A few days ago, your writer did a quick, albeit decidedly unscientific, survey to gather some thoughts of the KDE scientist community on our current software offerings and the missing links. Here are a few of the conclusions.
Popular Science Applications
Kile and Okular seem to be real favorites. No surprise really, as the activities common to every scientist are writing and reading scientific papers. KbibTeX is also popular for organizing references, despite lacking a Platform 4 version.
Kate is popular among scientists, apparently finding favor for everything from note taking to coding and drew praise for its syntax highlighting.
Relative newcomer Cantor generated a lot of enthusiasm with several current users and many more interested in giving it a go in the future. The already existing R front end and IDE RKWard is also used by several KDE enthusiasts working in the sciences.

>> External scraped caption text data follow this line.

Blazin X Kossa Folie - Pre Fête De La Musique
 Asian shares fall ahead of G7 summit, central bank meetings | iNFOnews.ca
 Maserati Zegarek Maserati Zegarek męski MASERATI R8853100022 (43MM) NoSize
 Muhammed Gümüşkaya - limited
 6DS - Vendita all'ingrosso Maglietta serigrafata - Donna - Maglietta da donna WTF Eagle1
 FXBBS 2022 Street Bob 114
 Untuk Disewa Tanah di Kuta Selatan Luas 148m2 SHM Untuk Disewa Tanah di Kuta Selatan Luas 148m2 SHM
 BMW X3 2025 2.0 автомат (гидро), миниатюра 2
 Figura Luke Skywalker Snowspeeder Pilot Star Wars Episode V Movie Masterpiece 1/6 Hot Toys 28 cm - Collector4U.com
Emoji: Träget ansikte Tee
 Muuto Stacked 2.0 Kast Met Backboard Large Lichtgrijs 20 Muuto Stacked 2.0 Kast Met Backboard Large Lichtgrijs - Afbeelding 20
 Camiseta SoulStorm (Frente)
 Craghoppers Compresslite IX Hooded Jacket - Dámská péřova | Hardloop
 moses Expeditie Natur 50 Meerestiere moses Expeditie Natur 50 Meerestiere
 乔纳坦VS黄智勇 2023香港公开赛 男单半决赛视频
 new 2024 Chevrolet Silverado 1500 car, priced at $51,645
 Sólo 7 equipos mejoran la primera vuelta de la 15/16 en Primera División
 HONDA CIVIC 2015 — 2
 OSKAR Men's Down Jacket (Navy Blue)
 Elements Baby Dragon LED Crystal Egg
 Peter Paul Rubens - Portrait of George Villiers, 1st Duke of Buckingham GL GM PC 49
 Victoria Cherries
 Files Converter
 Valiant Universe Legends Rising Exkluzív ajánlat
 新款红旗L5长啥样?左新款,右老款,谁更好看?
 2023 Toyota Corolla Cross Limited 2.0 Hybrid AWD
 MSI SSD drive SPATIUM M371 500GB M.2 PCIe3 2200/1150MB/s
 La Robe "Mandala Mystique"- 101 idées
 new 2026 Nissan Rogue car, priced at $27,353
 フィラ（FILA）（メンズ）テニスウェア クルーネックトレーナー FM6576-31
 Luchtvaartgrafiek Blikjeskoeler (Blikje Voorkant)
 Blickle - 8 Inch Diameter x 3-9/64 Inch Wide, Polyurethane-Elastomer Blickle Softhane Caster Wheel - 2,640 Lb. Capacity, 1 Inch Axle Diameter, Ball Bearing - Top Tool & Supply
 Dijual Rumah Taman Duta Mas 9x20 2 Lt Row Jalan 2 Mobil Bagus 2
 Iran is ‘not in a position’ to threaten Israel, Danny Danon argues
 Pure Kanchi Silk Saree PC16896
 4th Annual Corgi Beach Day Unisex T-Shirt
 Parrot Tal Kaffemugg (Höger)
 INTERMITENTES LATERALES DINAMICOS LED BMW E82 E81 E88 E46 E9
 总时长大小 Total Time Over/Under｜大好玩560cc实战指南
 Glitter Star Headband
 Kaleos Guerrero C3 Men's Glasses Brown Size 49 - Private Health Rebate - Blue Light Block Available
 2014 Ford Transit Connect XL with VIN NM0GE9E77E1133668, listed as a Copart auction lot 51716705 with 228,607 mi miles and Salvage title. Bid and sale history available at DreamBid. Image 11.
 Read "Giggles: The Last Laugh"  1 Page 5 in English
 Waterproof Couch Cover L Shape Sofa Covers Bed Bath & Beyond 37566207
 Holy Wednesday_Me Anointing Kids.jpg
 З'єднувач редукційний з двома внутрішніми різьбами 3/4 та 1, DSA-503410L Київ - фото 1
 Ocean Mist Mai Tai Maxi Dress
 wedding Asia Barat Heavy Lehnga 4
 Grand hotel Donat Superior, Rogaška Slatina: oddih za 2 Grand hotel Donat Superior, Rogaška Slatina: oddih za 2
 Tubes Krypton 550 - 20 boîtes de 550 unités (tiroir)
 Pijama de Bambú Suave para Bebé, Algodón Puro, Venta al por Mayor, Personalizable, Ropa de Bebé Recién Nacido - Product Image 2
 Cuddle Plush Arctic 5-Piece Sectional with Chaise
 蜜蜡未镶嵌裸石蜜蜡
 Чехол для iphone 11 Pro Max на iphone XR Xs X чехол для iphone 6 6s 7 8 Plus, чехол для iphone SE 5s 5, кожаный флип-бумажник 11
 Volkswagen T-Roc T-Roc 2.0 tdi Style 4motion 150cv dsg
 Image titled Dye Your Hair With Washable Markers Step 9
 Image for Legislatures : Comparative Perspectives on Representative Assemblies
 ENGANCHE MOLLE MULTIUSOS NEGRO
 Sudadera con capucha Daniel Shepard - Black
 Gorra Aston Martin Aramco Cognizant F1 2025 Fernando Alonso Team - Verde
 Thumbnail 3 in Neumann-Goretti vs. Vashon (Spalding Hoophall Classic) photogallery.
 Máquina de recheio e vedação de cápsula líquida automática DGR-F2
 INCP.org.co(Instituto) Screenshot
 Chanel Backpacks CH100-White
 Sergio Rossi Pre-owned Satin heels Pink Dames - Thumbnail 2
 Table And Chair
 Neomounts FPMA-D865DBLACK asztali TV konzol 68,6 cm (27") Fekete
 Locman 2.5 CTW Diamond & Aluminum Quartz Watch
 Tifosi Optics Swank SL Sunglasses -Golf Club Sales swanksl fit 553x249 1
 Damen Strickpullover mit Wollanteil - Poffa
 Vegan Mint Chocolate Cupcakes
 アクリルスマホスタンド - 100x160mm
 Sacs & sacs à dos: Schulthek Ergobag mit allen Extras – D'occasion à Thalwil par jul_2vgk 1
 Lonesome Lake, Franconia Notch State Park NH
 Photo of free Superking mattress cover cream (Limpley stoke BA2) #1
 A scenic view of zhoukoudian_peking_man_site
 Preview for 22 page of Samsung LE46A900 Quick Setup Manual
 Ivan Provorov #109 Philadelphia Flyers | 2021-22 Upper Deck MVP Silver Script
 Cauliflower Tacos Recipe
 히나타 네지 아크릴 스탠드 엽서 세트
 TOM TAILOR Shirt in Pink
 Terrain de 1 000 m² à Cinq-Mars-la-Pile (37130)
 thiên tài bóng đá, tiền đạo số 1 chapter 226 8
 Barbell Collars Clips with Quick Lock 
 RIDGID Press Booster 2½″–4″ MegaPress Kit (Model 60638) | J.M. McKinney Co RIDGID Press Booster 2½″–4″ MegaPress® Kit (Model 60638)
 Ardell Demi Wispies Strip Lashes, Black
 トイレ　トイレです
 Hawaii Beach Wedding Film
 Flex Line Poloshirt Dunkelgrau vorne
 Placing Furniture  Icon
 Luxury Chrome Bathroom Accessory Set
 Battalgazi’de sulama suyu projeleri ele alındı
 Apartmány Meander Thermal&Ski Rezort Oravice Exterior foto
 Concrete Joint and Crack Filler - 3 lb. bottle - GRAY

Less Well Known Applications
Many commenters were not aware of all the applications that had been listed, while others suggested applications that had not made the initial list. LabPlot in particular was not that well known, although many respondents said it might be useful to them. This may be because the project has been, outwardly, quite quiet for a while as a lot of work is done behind the scenes on the Platform 4 version and sharing of code with the Qt SciDAVis project.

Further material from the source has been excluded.